Figure 1. Compounds measured during odor episodes.
Efforts to identify the odor and its potential sources included a door-to-door survey, meteorological correlations, and air quality sampling for a panel of volatile organic compounds (VOCs), sulfur gases, and polycyclic aromatic hydrocarbons (PAHs). Wind speed and direction data collected every one minute in the neighborhood indicate that, when the odor is noticed, the community is directly downwind of a wood preservation facility (Koppers Inc.) and an asphalt roofing facility (Owens Corning). Air samples collected during high intensity odor events thus far have shown concentrations of methylene chloride, hexane, toluene, naphthalene, dibenz(a,h)anthracene, benzo(g,h,i)perylene, and indeno(1,2,3-cd)pyrene each at least two times higher than background concentrations (see Figure 1).
Naphthalene and the other PAHs are known pollutants emitted from the wood treatment processes used by Koppers, and are known to have a coal tar odor. Furthermore, naphthalene was present in a sample collected directly adjacent to the Koppers facility and was not present in any background samples. This data, though limited, suggests the possibility that Koppers is in part responsible for the coal tar odor impacting the Globeville neighborhood.
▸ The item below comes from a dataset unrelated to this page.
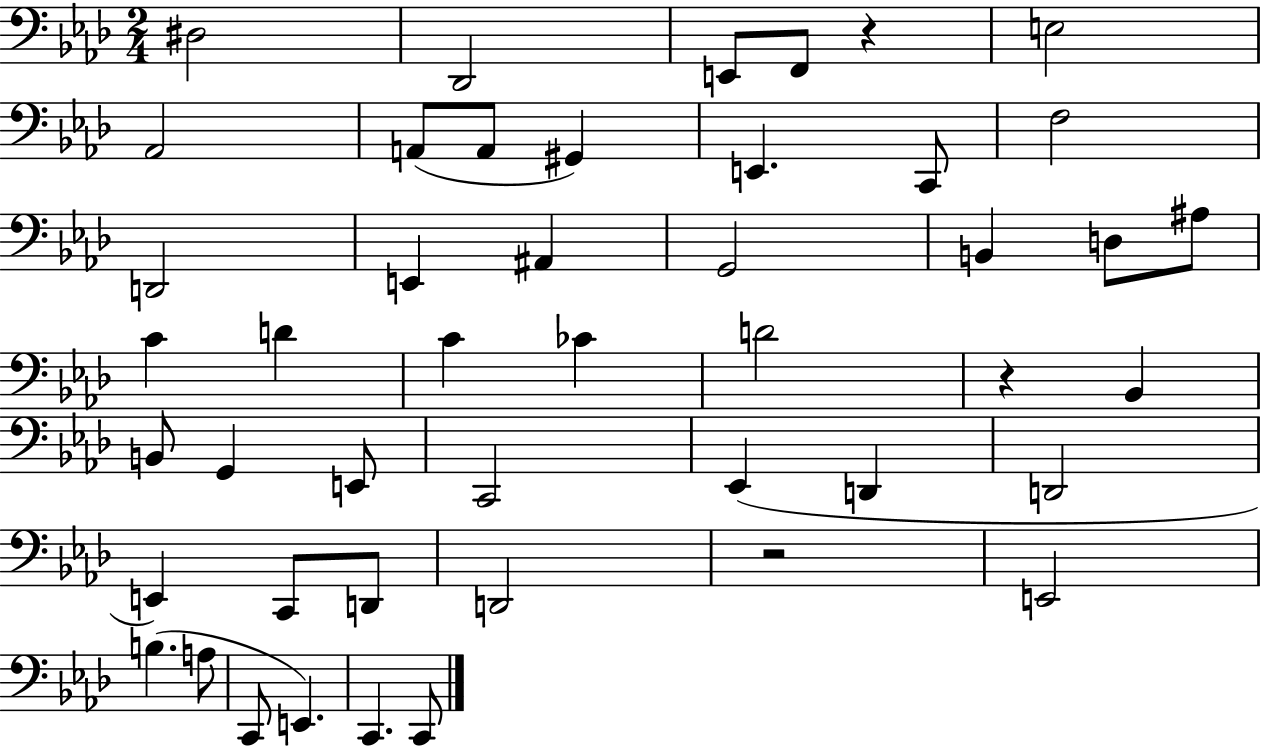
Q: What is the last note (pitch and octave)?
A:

Odor threshold literature, however, states that naphthalene odor is not detected at concentrations lower than 80 ppb, and the highest concentration sampled thus far is 25 ppb. The odor threshold literature itself highlights another challenge to environmental engineers: there is a complete lack of understanding regarding odor thresholds of mixtures. Given that residents are never exposed to a single pollutant, but always to mixtures, this gap in the literature threatens to relegate the entire body of odor literature to irrelevance. It is perhaps for this reason that odor enforcement in Colorado relies on human interpretation via the imprecise scentometer – a device through which one inhales an ambient sample at a known dilution factor to gauge the strength of an odor.
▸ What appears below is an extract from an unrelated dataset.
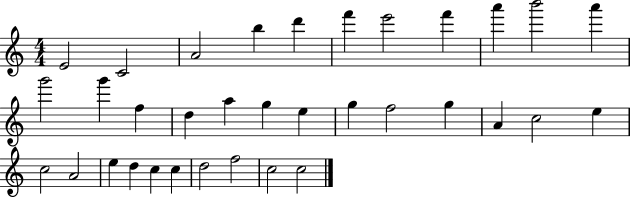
E4/h C4/h A4/h B5/q D6/q F6/q E6/h F6/q A6/q B6/h A6/q G6/h G6/q F5/q D5/q A5/q G5/q E5/q G5/q F5/h G5/q A4/q C5/h E5/q C5/h A4/h E5/q D5/q C5/q C5/q D5/h F5/h C5/h C5/h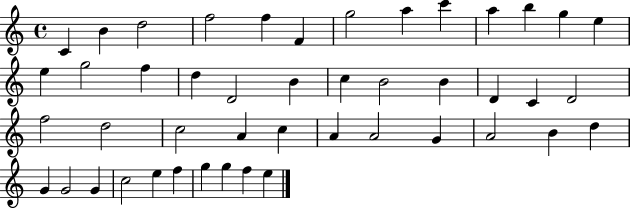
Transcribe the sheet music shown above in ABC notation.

Given these technical and regulatory challenges, the greatest hope for solving Globeville’s odor issue lays in establishing a “good neighbor policy” between residents and nearby industry. The hope is that specific offending industrial processes can be identified for which there exist cost-effective control technologies. In the process, this work illuminates valuable lessons regarding industry-resident relations, environmental justice, and odor sampling that will inform the coming generation of environmental engineers working in a more crowded world.